Start of Information supplied

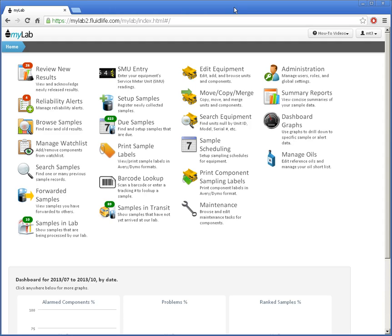Hello, in this video I'm going to show you how to use maintenance records in FluidLab's MyLab. First I'll show you how to view recorded maintenance events while evaluating your sample results.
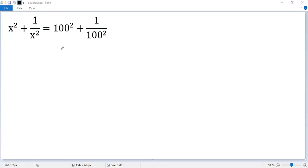Let's see how to solve a nice equation. You can eliminate the denominators by multiplying both sides by x squared and 100 squared, but you will create a quartic equation which may be hard to solve. So let's do it in a smart way — we change both sides to a perfect square.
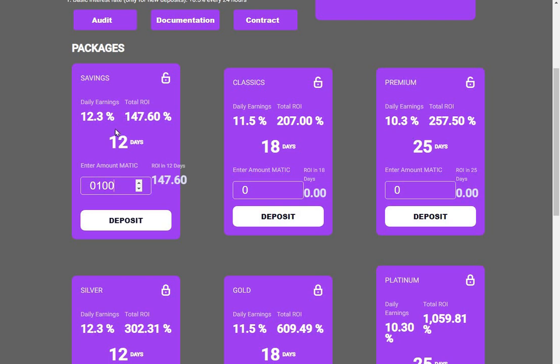When you could have been withdrawing at 12.3% for 12 days, or 11.5% for 17 days.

End of Information supplied

* **Instructions for the task**
Pictures aside, please output the whole listing exactly as it appears above.

* **Response area**
Hello, in this video I'm going to show you how to use maintenance records in FluidLab's MyLab. First I'll show you how to view recorded maintenance events while evaluating your sample results.
Let's see how to solve a nice equation. You can eliminate the denominators by multiplying both sides by x squared and 100 squared, but you will create a quartic equation which may be hard to solve. So let's do it in a smart way — we change both sides to a perfect square.
When you could have been withdrawing at 12.3% for 12 days, or 11.5% for 17 days.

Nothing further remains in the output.